[EM] Keep It Simple
Dave Ketchum
davek at clarityconnect.com
Sun Aug 27 13:10:29 PDT 2006
Ralph Suter argues that we need real life examples of how voters actually
vote with proposed methods, rather than basing claims on predictions of
behavior.
I agree the predictions get overdone; and we are greatly lacking as to
actual votes; so I will try what I see as reasonable predictions.
Plurality - most voters want this most of the time for most races. They
have neither time nor inclination to go farther on most of the contests
they are faced with on election day.
Approval - fills in a gap to approve multiple best candidates, or to thus
exclude one or more rejects.
Borda - mentioned recently, but seems like a reject to me.
Range - theory sounds nice, but how can voters express their desires and
have their THOUGHTS properly credited?
Condorcet - this ranked choice method, properly defined, lets voters do
well at expressing their opinions as in Plurality or Approval, or Ranking
(optionally with Approval):
Ranking of multiple candidates as better or worse is included,
though without the complications of Range or Borda. This gets to be a BIG
DEAL when there are more than two candidates with serious backing.
Note that an array of vote counts can be published for convenient
analysis as to how the candidates fared - not just who won.
Current "DH3" complaint. Agreed schemers can create disasters BUT
takes multiple competing candidates, schemers' knowledge of predictable
normal votes, and schemers' plots to change winner via false votes failing.
IRV - same ballot as Condorcet but:
Approval cannot be included without an agreement as to how to count.
By, too often, ignoring parts of ballots, can pick wrong winners.
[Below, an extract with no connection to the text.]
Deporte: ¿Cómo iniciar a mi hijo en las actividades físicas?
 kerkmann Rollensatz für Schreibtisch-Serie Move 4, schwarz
BUT - in actual use so there is available data.
DWK
-------- Original Message --------
Subject: Re: [EM] DH3 pathology, margins, and winning votes
Date: Sun, 27 Aug 2006 10:38:16 EDT
RLSuter at aol.com wrote:
> To make a dire warning about how "DH3 pathology" could
> cause "massive destruction" if any of the voting methods
> that are theoretically susceptible to it are used is little more
> than a rhetorical ploy (whether or not consciously intended
> as one) to back up the author's passionately held view that
> range voting is the single best of all single winner voting
> methods. What is most lacking in this and other discussions
> on this list about strategic voting is empirical data about
> how people vote in actual public elections in which different
> voting methods are used. Until there is much more such
> evidence than is now available, conjectures about how
> people might vote given different methods and different
> combinations of candidates don't jusfity anything like
> this kind of hyperbolic rhetoric. If the point is to make
> arguments that are logically compelling, such rhetoric
> is not merely unhelpful but extremely counterproductive.
>
> -Ralph Suter
--
davek at clarityconnect.com people.clarityconnect.com/webpages3/davek
Dave Ketchum 108 Halstead Ave, Owego, NY 13827-1708 607-687-5026
Do to no one what you would not want done to you.
If you want peace, work for justice.